Tina Murphy can’t wait until her lease is over.
It isn’t that she doesn’t like where she lives. It’s pleasant enough. She has a view of a swimming pool if she steps out on her porch. Traffic isn’t necessarily heavy, parking isn’t a major issue and she doesn’t have any major neighbor issues to complain about like she did in other places that she’s rented.
But for the money that she’s currently paying for an apartment, Murphy said that she could rent a modest house. And with a possible job promotion coming up, she might even qualify under a first-time home buyer program to purchase one of those modest homes with a monthly mortgage that is equally affordable.
If she gets in now.
Rent is rising in Manteca.
Each and every year since the housing bubble burst and foreclosures outnumbered the amount of resale houses on the market, the rental prices of Manteca’s main apartment complexes has either held steady or increased year-after-year.
It’ll cost you almost $1,700-a-month for a luxury townhome at Paseo Villas – an attached garage with a split level two-bedroom above it outfitted with granite countertops and a dynamite floorplan.
That’s not exactly what Murphy pays every month, but a friend of hers just signed a one-year lease on a three-bedroom home and is paying less than she is – a move that is almost a wash when city services are included.

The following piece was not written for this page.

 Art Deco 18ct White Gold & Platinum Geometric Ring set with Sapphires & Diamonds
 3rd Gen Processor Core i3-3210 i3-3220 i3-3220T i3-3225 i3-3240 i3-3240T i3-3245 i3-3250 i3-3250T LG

“I’ve never been somebody that wanted to move into a house. I like not having to cut the grass and take care of the landscaping and things like that and I like the grounds here,” she said. “But at this point why not? Things aren’t going to get any cheaper.”
Right now, however, there’s no shortage of people trying to get into those apartment complexes.

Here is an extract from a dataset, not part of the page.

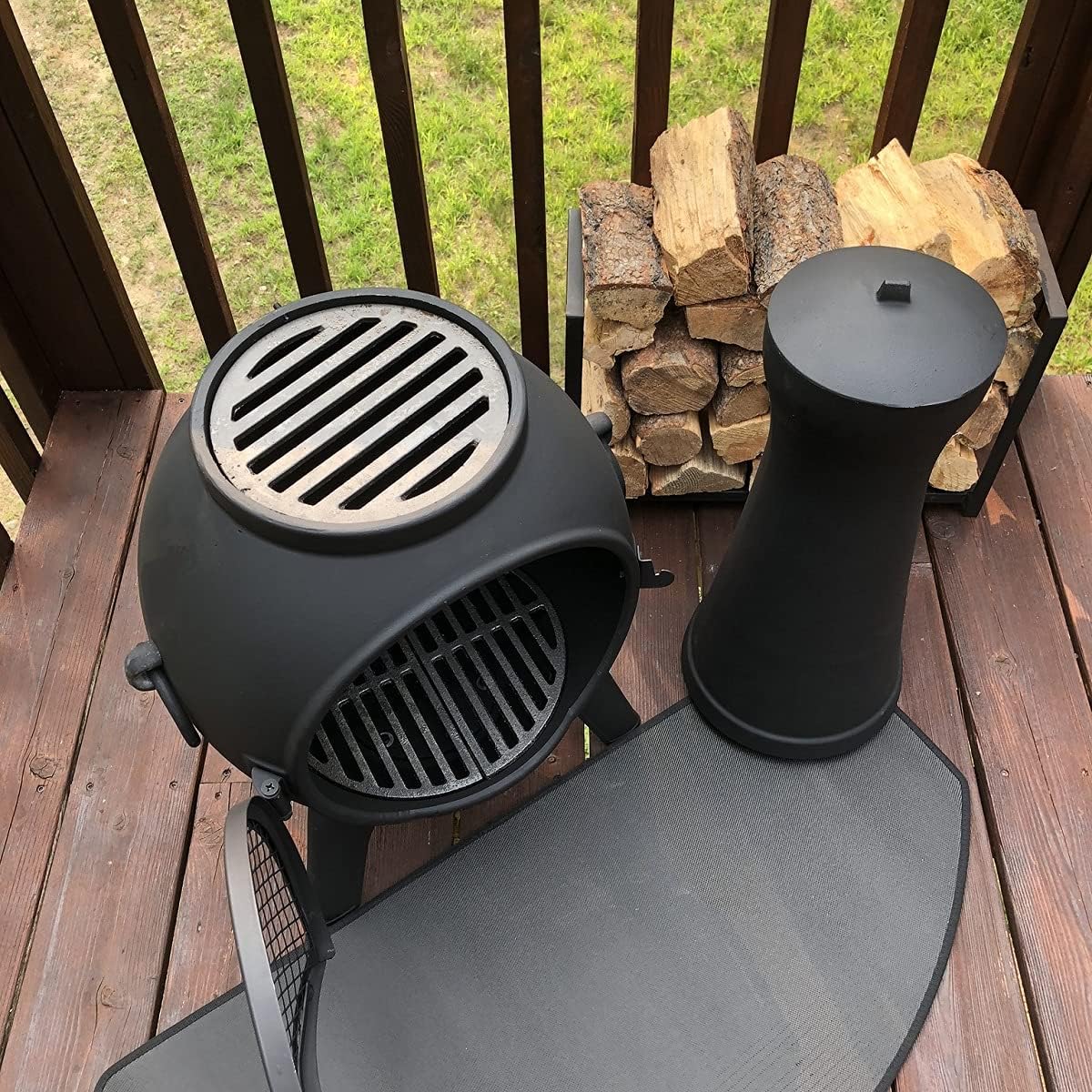 The Blue Rooster Co. Prairie FIRE Outdoor Wood Burning 44 Chiminea Fireplace, Rust Free Cast Aluminum Deck or Patio Firepit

Depending on which apartment size, many of those surveyed for The Bulletin’s annual apartment survey either had waiting lists or no available spaces. Some, like Laurel Glen, recently renovated apartments to add elements like hardwood floors, and others like Vista Verde have been renovating units as they become available.
For those wanting to move in immediately, however, it’s a luck-of-the-draw kind of situation.
“I had to search for three different complexes before I found the one that had the unit that I needed,” Carlos Santos said. “I was pretty picky at first, but there wasn’t a whole lot out there with available space. When you’re looking for some place to live, you’re going to try and find whatever works for you at that moment.”